La désinformation a toujours existé. Au 1er siècle avant notre ère, l’empereur romain Jules César était par exemple doué pour inventer des histoires à sa gloire. 

Depuis, beaucoup de choses ont évidemment changé. Mais c’est avant tout internet et les réseaux sociaux qui ont grandement accéléré la propagation des fausses informations. Celles-ci se diffusent donc aujourd’hui beaucoup plus largement qu’il y a 2 000 ans. 

Autre point à souligner : les effets potentiellement dévastateurs de la désinformation.
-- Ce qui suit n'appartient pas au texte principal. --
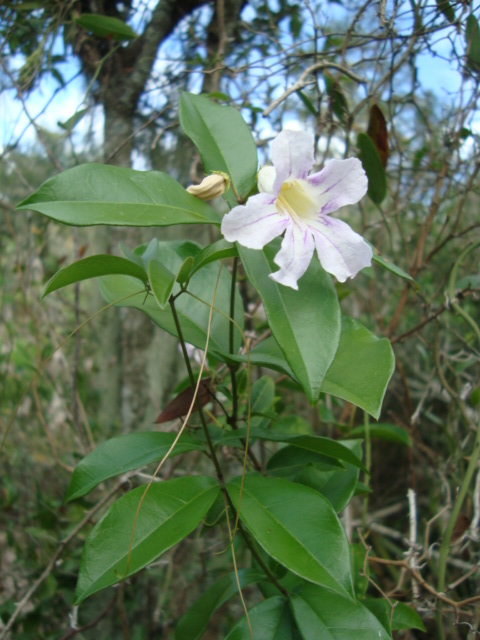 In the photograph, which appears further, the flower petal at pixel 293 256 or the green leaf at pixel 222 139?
the green leaf at pixel 222 139

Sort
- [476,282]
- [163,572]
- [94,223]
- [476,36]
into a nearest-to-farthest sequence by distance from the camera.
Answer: [94,223], [476,36], [476,282], [163,572]

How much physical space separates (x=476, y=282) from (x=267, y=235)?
740 millimetres

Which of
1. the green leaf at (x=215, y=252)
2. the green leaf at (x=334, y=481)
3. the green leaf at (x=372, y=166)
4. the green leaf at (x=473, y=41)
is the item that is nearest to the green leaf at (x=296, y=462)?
the green leaf at (x=334, y=481)

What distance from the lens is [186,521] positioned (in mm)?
687

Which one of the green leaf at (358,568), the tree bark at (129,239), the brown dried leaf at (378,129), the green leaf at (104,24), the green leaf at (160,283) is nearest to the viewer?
the green leaf at (160,283)

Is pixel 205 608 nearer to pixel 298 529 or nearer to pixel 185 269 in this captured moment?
pixel 298 529

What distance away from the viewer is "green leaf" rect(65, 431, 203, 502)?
29.4 inches

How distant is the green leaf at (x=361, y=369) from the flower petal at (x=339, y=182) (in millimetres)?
159

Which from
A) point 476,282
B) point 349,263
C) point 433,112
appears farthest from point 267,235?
point 433,112

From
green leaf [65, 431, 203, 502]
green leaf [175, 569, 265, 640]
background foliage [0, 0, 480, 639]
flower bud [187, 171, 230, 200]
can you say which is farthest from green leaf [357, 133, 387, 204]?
green leaf [175, 569, 265, 640]

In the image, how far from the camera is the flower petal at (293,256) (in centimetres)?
64

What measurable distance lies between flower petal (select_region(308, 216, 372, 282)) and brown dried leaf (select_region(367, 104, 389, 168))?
45 cm

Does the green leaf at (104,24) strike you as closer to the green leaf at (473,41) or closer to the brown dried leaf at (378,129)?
the brown dried leaf at (378,129)

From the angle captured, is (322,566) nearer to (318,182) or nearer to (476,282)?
(318,182) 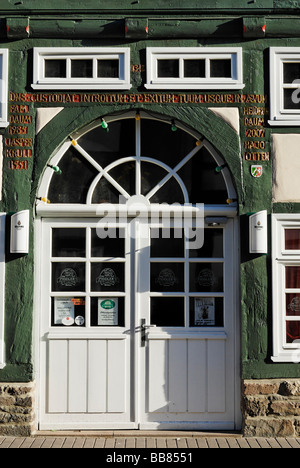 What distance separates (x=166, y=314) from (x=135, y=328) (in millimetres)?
381

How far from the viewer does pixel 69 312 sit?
6.51 metres

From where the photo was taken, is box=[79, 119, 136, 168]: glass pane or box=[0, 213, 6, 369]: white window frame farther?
box=[79, 119, 136, 168]: glass pane

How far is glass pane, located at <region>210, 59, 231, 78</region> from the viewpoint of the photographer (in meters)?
6.55

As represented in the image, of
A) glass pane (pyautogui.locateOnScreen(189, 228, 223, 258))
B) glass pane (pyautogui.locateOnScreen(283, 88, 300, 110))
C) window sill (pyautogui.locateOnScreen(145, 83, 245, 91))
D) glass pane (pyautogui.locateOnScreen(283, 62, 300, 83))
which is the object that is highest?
glass pane (pyautogui.locateOnScreen(283, 62, 300, 83))

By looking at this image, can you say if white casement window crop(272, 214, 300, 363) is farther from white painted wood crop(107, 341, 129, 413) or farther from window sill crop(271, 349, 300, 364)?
white painted wood crop(107, 341, 129, 413)

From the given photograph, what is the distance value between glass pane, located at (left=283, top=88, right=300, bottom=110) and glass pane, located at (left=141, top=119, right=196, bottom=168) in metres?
1.12

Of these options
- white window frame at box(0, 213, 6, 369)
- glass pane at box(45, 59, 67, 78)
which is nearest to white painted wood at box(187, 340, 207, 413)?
white window frame at box(0, 213, 6, 369)

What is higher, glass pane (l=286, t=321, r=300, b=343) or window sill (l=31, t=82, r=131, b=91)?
window sill (l=31, t=82, r=131, b=91)

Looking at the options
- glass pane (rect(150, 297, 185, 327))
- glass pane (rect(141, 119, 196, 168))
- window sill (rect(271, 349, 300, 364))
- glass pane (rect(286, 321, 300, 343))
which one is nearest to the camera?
window sill (rect(271, 349, 300, 364))

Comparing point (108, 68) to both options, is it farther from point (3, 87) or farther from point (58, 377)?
point (58, 377)

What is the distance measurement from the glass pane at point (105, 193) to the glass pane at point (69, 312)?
3.72ft

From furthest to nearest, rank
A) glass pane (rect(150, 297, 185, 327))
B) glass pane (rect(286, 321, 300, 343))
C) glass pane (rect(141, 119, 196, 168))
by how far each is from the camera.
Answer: glass pane (rect(141, 119, 196, 168)) → glass pane (rect(150, 297, 185, 327)) → glass pane (rect(286, 321, 300, 343))

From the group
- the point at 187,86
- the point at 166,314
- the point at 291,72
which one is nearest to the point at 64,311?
the point at 166,314

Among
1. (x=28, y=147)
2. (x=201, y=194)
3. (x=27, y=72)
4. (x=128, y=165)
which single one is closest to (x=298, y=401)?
(x=201, y=194) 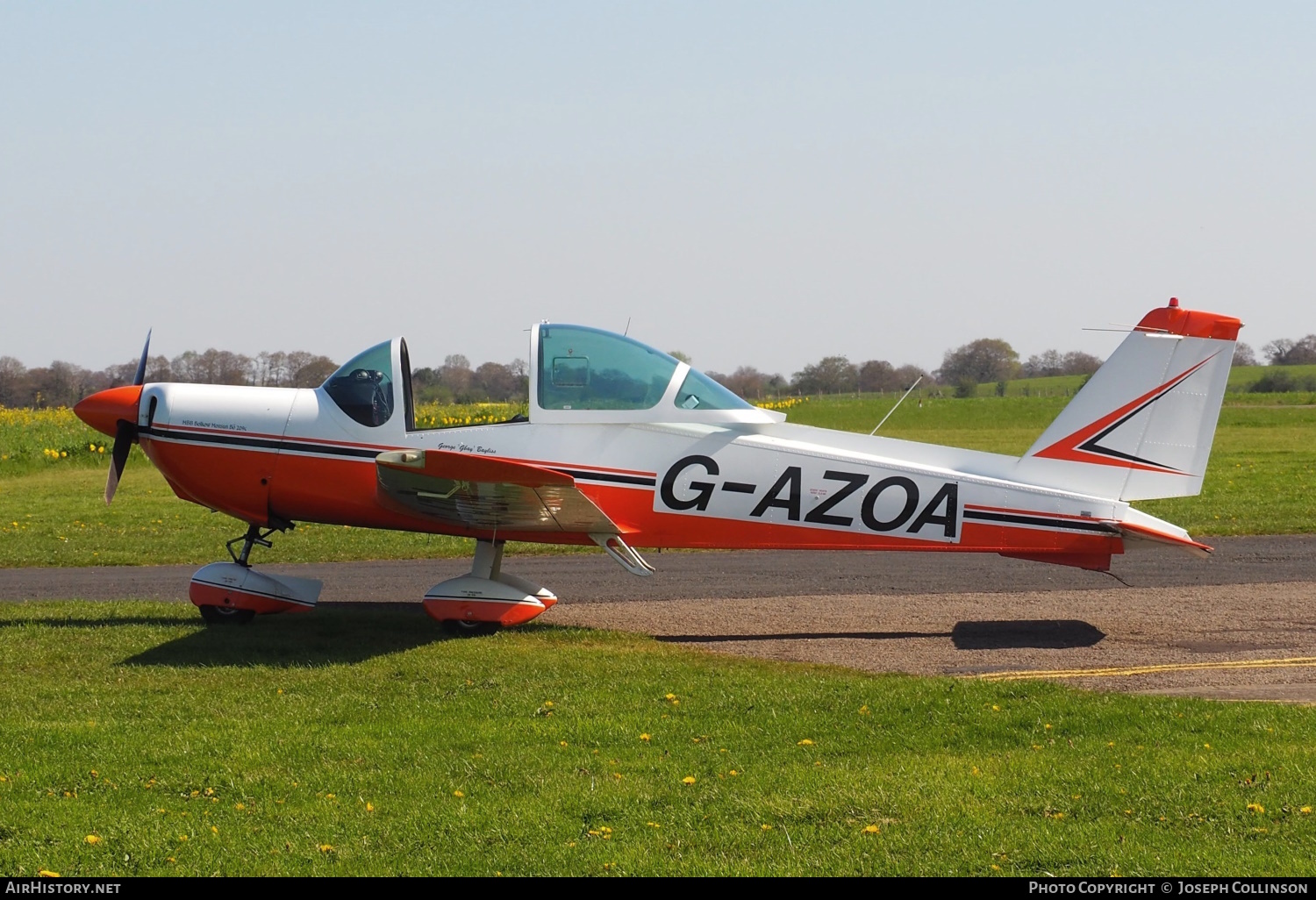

S’il n’est pas particulièrement risqué de croire qu’une tisane fait maigrir, il est bien plus dangereux d’être persuadé à tort qu’un vaccin contre le Covid-19 est nocif, que le changement climatique n’a pas lieu ou qu’une élection a été truquée.

La désinformation peut dans certains cas menacer la démocratie. Surtout lorsqu’elle est orchestrée par des puissances étrangères, comme la Russie ou la Chine. 

Agir sur les plateformes 

Face aux fake news, l’Union européenne agit sur plusieurs fronts. Tout d’abord, elle ne les interdit pas. Cela irait totalement à l’encontre de la liberté d’expression, qui est une valeur défendue par l’Europe. Par ailleurs, il est parfois compliqué de démontrer qu’une information est vraie ou fausse.

L’objectif de l’Union est plutôt de limiter la propagation de ces fausses informations. Dans sa panoplie, on trouve tout d’abord un code de bonnes pratiques contre la désinformation. Lancé il y a cinq ans, il rassemble aujourd’hui plus de trente acteurs comme Google, Twitter ou TikTok.

Il n’est pas contraignant, mais ses signataires se sont engagés à prendre des mesures contre la désinformation en ligne. Par exemple, pour empêcher les producteurs de fake news de gagner de l’argent avec la publicité. Les plateformes doivent aussi livrer des informations à la Commission européenne. En particulier sur leurs algorithmes, qui ont trop souvent tendance à nous recommander des fake news.

Au sujet des algorithmes, un autre texte européen s’annonce encore plus décisif : le Digital Services Act, (DSA). En mai 2023, cette législation sur les services numériques va obliger les très grandes plateformes à faire la lumière sur leurs systèmes de recommandation

Boîte à outils

L’Europe joue sur d’autres leviers. Elle tente de contrer la désinformation dans le reste du monde : c’est le rôle de trois tasks forces (groupes de travail) du Service européen d’action extérieure (SEAE). Elle soutient aussi la recherche sur la désinformation, comme avec l’Observatoire européen des médias numériques (EDMO).

Elle compte également favoriser le journalisme de qualité. C’est ce que prévoit un texte en discussion sur la liberté des médias, le Media Freedom Act.

Et à l’approche des élections européennes de 2024, la Commission devrait proposer de mieux encadrer la publicité politique.

Si l’on peut ainsi regretter que la fin de la désinformation ne soit pas pour demain, espérons qu’à travers la boîte à outils européenne, elle fasse moins de dégâts à l’avenir.